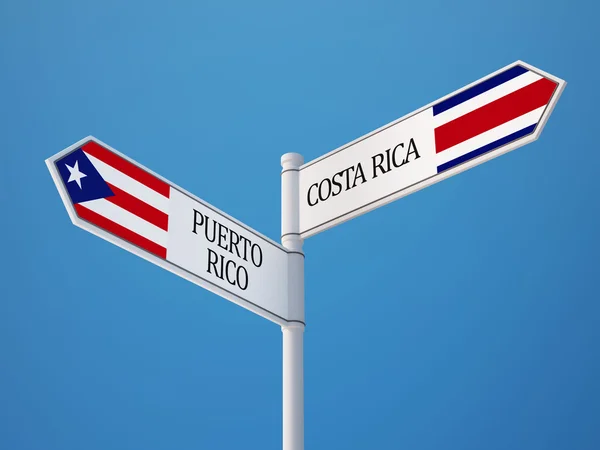 波多黎各哥斯达黎加标志概念 — 图库照片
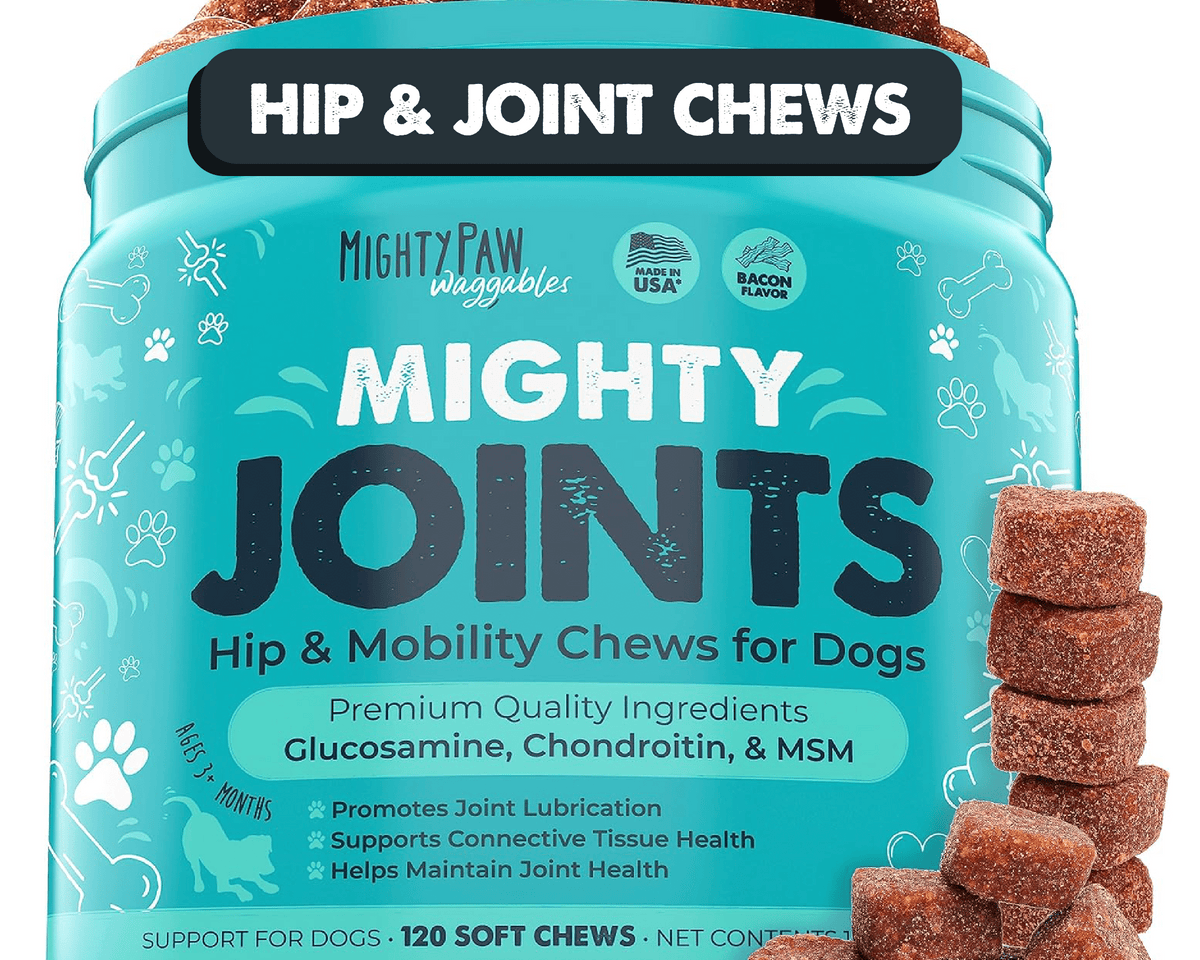 Waggables Hip & Joint Chews for Dogs - Vet-Formulated Glucosamine, Chondroitin & MSM Supplement for Enhanced Mobility - 120 Count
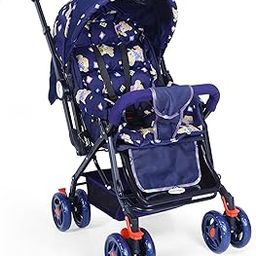 Dumbledo Premium Stroller: Ensuring Baby's Safety and Comfort with 2-Point Harness, Viewing Window, 3 Adjustable Recline Positions, European Canopy, Storage Basket, and Navy Blue Mattress-picture-28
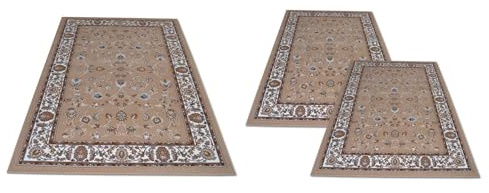 Confezioni Giuliana Tris Tappeti Camera da Letto PALACE Classico Dis 2079 Beige Set 3 Pezzi 70x130 e 55x105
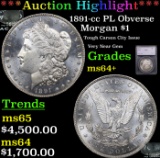 ***Auction Highlight*** 1891-cc Morgan Dollar PL Obverse $1 Graded ms64+ By SEGS (fc)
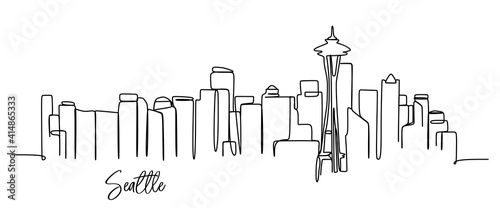 Seattle city skyline - continuous one line drawing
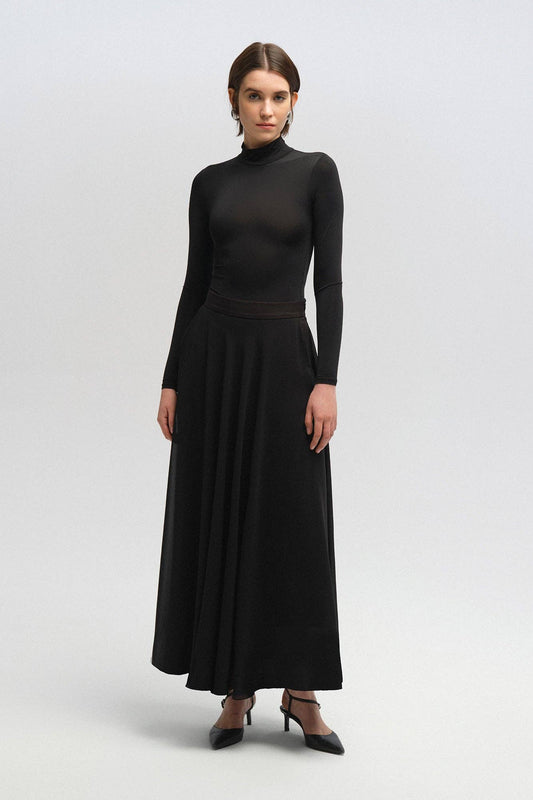 Gonna lunga in chiffon nera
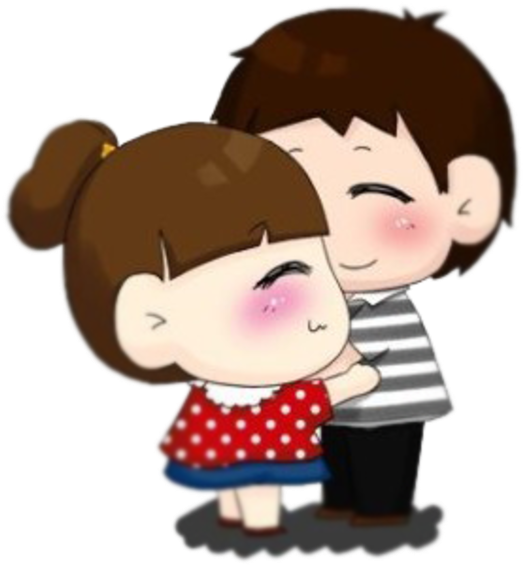 Love Cartoon Couple Hug Illustration - Cartoon Couple Hugging (589x600)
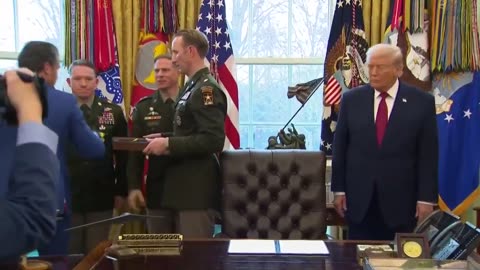 Something Abnormal in the Oval Office, Trump walks around the room as if he wasn't from a meeting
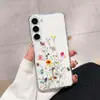 Funda de teléfono artística multicolor de flores pequeñas adecuada para Samsung Galaxy S23 Ultra, funda de teléfono de TPU transparente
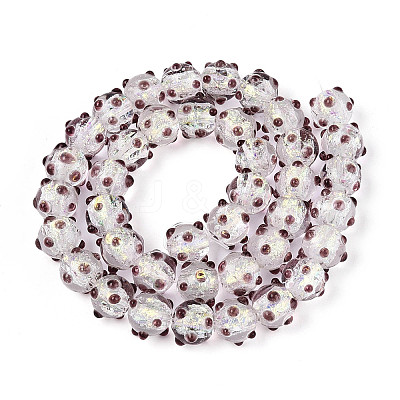 Handmade Foil Lampwork Beads Strands FOIL-T008-02B-1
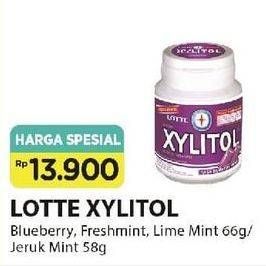 Promo Harga LOTTE XYLITOL Candy Gum Blueberry, Fresh Mint, Lime Mint 66 gr - Alfamart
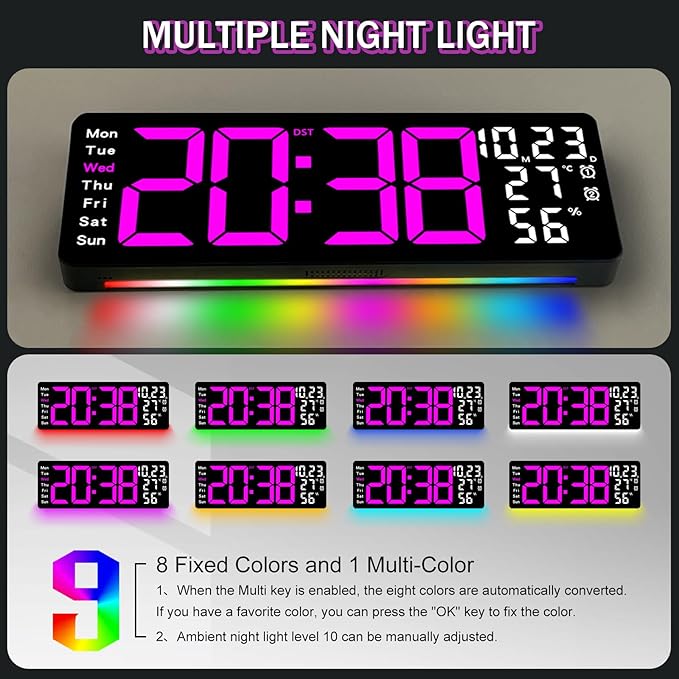 JoFomp 17.3" Large Digital Wall Clock, LED Digital Clock Large Display - Image 3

WHAT THE TASK ASKS:
Set out every record exactly, images excluded.

WRITTEN ANSWER:
 波多黎各哥斯达黎加标志概念 — 图库照片
 Waggables Hip & Joint Chews for Dogs - Vet-Formulated Glucosamine, Chondroitin & MSM Supplement for Enhanced Mobility - 120 Count
 Dumbledo Premium Stroller: Ensuring Baby's Safety and Comfort with 2-Point Harness, Viewing Window, 3 Adjustable Recline Positions, European Canopy, Storage Basket, and Navy Blue Mattress-picture-28
 Confezioni Giuliana Tris Tappeti Camera da Letto PALACE Classico Dis 2079 Beige Set 3 Pezzi 70x130 e 55x105
 ***Auction Highlight*** 1891-cc Morgan Dollar PL Obverse $1 Graded ms64+ By SEGS (fc)
 Seattle city skyline - continuous one line drawing
 Gonna lunga in chiffon nera
 Love Cartoon Couple Hug Illustration - Cartoon Couple Hugging (589x600)
 Something Abnormal in the Oval Office, Trump walks around the room as if he wasn't from a meeting
 Funda de teléfono artística multicolor de flores pequeñas adecuada para Samsung Galaxy S23 Ultra, funda de teléfono de TPU transparente
 Handmade Foil Lampwork Beads Strands FOIL-T008-02B-1
 Promo Harga LOTTE XYLITOL Candy Gum Blueberry, Fresh Mint, Lime Mint 66 gr - Alfamart
 JoFomp 17.3" Large Digital Wall Clock, LED Digital Clock Large Display - Image 3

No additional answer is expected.